+++ WORKING DATA

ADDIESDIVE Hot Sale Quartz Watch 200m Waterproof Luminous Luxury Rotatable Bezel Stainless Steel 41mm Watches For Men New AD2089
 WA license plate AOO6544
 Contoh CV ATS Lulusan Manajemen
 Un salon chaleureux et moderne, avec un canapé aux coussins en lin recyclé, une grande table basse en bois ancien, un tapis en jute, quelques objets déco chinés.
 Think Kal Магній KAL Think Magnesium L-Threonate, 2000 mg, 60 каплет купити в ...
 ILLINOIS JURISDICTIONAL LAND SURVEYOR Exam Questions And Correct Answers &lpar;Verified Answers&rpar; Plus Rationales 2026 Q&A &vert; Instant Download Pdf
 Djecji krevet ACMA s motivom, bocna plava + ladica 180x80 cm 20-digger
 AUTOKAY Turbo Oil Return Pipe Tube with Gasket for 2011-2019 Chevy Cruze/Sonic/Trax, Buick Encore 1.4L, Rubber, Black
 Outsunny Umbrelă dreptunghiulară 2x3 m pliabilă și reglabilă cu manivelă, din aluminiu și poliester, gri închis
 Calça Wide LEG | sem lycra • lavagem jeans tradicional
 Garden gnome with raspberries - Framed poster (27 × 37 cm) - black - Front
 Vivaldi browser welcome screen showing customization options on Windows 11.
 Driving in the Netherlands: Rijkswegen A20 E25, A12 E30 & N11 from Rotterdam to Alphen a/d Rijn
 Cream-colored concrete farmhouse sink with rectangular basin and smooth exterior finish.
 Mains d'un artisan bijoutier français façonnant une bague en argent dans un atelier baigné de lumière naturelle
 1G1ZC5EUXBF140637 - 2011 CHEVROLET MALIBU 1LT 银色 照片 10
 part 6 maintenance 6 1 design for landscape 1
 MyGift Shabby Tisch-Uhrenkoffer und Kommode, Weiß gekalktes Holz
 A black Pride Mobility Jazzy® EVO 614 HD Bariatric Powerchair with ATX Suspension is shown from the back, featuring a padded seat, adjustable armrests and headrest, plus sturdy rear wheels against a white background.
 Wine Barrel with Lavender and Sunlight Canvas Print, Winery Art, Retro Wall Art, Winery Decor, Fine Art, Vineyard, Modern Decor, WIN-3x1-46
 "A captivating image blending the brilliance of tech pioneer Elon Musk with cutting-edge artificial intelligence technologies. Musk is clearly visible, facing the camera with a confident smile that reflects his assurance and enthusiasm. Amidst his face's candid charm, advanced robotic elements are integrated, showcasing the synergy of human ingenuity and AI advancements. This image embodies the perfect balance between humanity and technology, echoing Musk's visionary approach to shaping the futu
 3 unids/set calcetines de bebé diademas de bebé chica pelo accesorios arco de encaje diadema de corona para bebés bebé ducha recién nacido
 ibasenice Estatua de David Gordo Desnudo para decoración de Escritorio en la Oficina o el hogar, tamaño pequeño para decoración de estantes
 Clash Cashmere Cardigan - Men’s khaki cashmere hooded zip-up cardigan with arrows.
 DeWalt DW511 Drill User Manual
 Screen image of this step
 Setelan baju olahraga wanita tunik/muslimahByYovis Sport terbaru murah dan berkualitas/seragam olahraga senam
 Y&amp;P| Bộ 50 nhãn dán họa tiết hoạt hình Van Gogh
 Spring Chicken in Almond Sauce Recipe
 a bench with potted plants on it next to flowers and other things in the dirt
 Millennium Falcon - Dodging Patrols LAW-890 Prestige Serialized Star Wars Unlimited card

++++++

Nothing is to be altered; retype each entry exactly.

• EXERCISE RESULT
ADDIESDIVE Hot Sale Quartz Watch 200m Waterproof Luminous Luxury Rotatable Bezel Stainless Steel 41mm Watches For Men New AD2089
 WA license plate AOO6544
 Contoh CV ATS Lulusan Manajemen
 Un salon chaleureux et moderne, avec un canapé aux coussins en lin recyclé, une grande table basse en bois ancien, un tapis en jute, quelques objets déco chinés.
 Think Kal Магній KAL Think Magnesium L-Threonate, 2000 mg, 60 каплет купити в ...
 ILLINOIS JURISDICTIONAL LAND SURVEYOR Exam Questions And Correct Answers &lpar;Verified Answers&rpar; Plus Rationales 2026 Q&A &vert; Instant Download Pdf
 Djecji krevet ACMA s motivom, bocna plava + ladica 180x80 cm 20-digger
 AUTOKAY Turbo Oil Return Pipe Tube with Gasket for 2011-2019 Chevy Cruze/Sonic/Trax, Buick Encore 1.4L, Rubber, Black
 Outsunny Umbrelă dreptunghiulară 2x3 m pliabilă și reglabilă cu manivelă, din aluminiu și poliester, gri închis
 Calça Wide LEG | sem lycra • lavagem jeans tradicional
 Garden gnome with raspberries - Framed poster (27 × 37 cm) - black - Front
 Vivaldi browser welcome screen showing customization options on Windows 11.
 Driving in the Netherlands: Rijkswegen A20 E25, A12 E30 & N11 from Rotterdam to Alphen a/d Rijn
 Cream-colored concrete farmhouse sink with rectangular basin and smooth exterior finish.
 Mains d'un artisan bijoutier français façonnant une bague en argent dans un atelier baigné de lumière naturelle
 1G1ZC5EUXBF140637 - 2011 CHEVROLET MALIBU 1LT 银色 照片 10
 part 6 maintenance 6 1 design for landscape 1
 MyGift Shabby Tisch-Uhrenkoffer und Kommode, Weiß gekalktes Holz
 A black Pride Mobility Jazzy® EVO 614 HD Bariatric Powerchair with ATX Suspension is shown from the back, featuring a padded seat, adjustable armrests and headrest, plus sturdy rear wheels against a white background.
 Wine Barrel with Lavender and Sunlight Canvas Print, Winery Art, Retro Wall Art, Winery Decor, Fine Art, Vineyard, Modern Decor, WIN-3x1-46
 "A captivating image blending the brilliance of tech pioneer Elon Musk with cutting-edge artificial intelligence technologies. Musk is clearly visible, facing the camera with a confident smile that reflects his assurance and enthusiasm. Amidst his face's candid charm, advanced robotic elements are integrated, showcasing the synergy of human ingenuity and AI advancements. This image embodies the perfect balance between humanity and technology, echoing Musk's visionary approach to shaping the futu
 3 unids/set calcetines de bebé diademas de bebé chica pelo accesorios arco de encaje diadema de corona para bebés bebé ducha recién nacido
 ibasenice Estatua de David Gordo Desnudo para decoración de Escritorio en la Oficina o el hogar, tamaño pequeño para decoración de estantes
 Clash Cashmere Cardigan - Men’s khaki cashmere hooded zip-up cardigan with arrows.
 DeWalt DW511 Drill User Manual
 Screen image of this step
 Setelan baju olahraga wanita tunik/muslimahByYovis Sport terbaru murah dan berkualitas/seragam olahraga senam
 Y&amp;P| Bộ 50 nhãn dán họa tiết hoạt hình Van Gogh
 Spring Chicken in Almond Sauce Recipe
 a bench with potted plants on it next to flowers and other things in the dirt
 Millennium Falcon - Dodging Patrols LAW-890 Prestige Serialized Star Wars Unlimited card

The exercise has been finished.